8 июня 1741 года Ломоносов ступил на русскую землю. Странный сон, увиденный на море, не давал ему покоя. Чувство сыновней вины усиливало тревогу. Прибыв в Петербург, Ломоносов первым делом наведался к архангельским и холмогорским артельщикам узнать об отце. Он был ошеломлен, услышав, что его отец ранней весною того же года, по первом вскрытии льдов, отправился в море на рыбный промысел и что, хотя минуло уже несколько месяцев, ни он и никто другой из поехавших с ним еще не вернулся.

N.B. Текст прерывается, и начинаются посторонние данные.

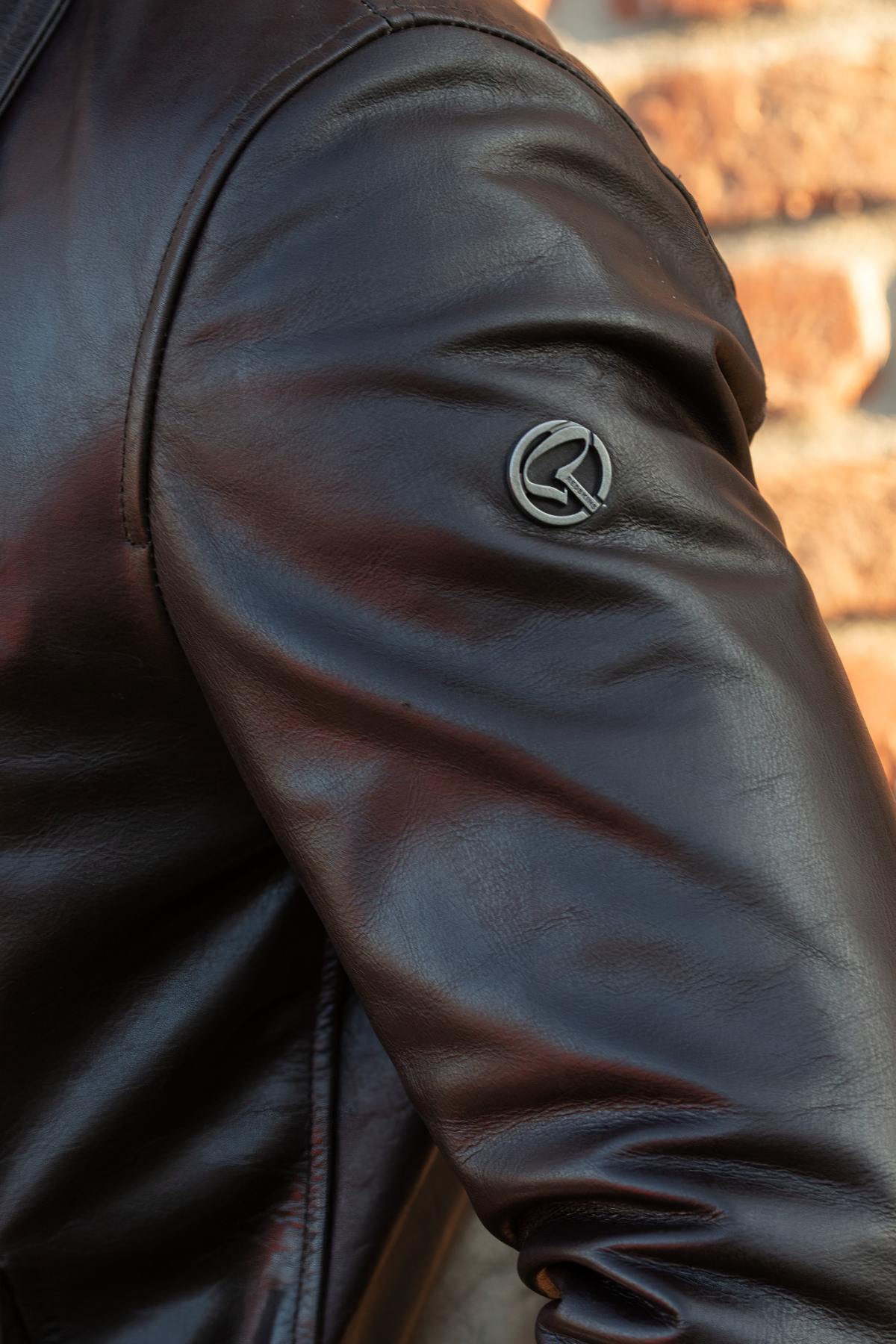 Dark brown buffalo leather jacket by Redskins, jacquard lined. - Image n°5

Это известие наполнило Ломоносова крайним беспокойством. Минуло уже несколько месяцев... То есть почти в то самое время, когда он сидел в Марбурге без гроша в кармане, отчаявшись вырваться на родину... Теперь и уход из Фрейберга, и погоня за Кайзерлингом, и слезные попытки уговорить Головкина предстали перед Ломоносовым в новом свете. Может быть, именно стремление увидеть отца и смутное предчувствие какой-то непоправимой беды, готовой разразиться там, на северной родине, заставило его с таким упорством, с такой невероятной настойчивостью искать возможности пробиться в Россию и дважды с этой целью пересечь всю Германию и половину Голландии. Может быть, теперешняя неизвестность о судьбе отца — это возмездие ему, Михайле Ломоносову, за то отчаяние, которое одиннадцать лет назад пережил Василий Ломоносов, находясь в полной неизвестности о судьбе сына? Случайное совпадение... Однако на душе от этого не легче. А вдруг вовсе даже не случайное, а роковое? Иначе — отчего эта подсознательная уверенность, что отец теперь на том самом острове?